It is easy now for some of our black college professors to call for a revolution from the comfort of a lectern on a college campus, or the op-ed page of a major newspaper. But it was hard, so very difficult, for a young Southern Baptist minister to lead a movement that forced the rest of America to grudgingly recognize in its African American citizens the full measure of our humanity.

 “…pungent odor that had been birthed in slave ships, a raw stench that had been marinated in slave pens — it was the same foul, fetid scent that had permeated the Jim Crow South, an earthy, glandular excretion that soap and water could never fully rinse away…”

For a man who had no idea of the path his life would take, Martin Luther King Jr. was awfully well-prepared for the journey. In the years since King’s murder, he has gone from being one of the nation’s most controversial figures in both the black and the white community to one of America’s revered cultural icons. The sound of King’s deep, sonorous baritone exclaiming “I have a dream…” is one of the most recognized phrases in the world.

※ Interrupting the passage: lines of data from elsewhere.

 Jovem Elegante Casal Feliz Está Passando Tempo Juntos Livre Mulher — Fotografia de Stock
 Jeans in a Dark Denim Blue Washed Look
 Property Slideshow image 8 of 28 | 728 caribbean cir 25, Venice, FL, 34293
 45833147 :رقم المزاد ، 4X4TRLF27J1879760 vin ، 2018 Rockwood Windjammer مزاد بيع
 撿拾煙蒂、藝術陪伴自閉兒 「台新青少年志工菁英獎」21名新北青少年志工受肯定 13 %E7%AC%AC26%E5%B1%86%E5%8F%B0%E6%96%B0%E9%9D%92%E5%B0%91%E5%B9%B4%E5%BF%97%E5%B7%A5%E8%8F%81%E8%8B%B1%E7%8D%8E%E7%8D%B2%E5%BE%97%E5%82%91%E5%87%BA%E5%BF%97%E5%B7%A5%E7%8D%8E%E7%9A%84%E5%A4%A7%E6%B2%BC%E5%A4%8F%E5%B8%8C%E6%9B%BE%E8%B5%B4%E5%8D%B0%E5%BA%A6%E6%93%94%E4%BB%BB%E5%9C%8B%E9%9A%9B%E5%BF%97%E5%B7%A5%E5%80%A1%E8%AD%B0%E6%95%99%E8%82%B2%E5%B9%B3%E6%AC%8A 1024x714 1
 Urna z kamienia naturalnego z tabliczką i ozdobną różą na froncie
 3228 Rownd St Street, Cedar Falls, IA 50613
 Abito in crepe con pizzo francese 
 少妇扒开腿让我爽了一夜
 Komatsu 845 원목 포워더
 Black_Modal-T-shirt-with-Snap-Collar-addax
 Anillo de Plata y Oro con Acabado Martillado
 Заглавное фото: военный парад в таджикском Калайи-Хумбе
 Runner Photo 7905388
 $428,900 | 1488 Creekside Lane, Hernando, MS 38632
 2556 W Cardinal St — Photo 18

“…the smell of burnt gunpowder and wet cotton, the taste of cold fried chicken and cheap lipstick, the sounds of grown men weeping, of heavy wood hitting dark flesh, of rifles cocking and dogs snarling, tired bodies jumbled together in church buses and auto caravans, always dressed in their best clothes…”

Indentured servitude, slavery, segregation, integration—now Black America 5.0 is upon us, but even as it includes all of these things, it is bound by none of them. Collaboration is the last mile, the final steps in this journey to be equally accepted into all aspects of American life. Black America 5.0 will be tricky—there are going to be times, in fact, when we will wonder where we end and the rest of the world begins.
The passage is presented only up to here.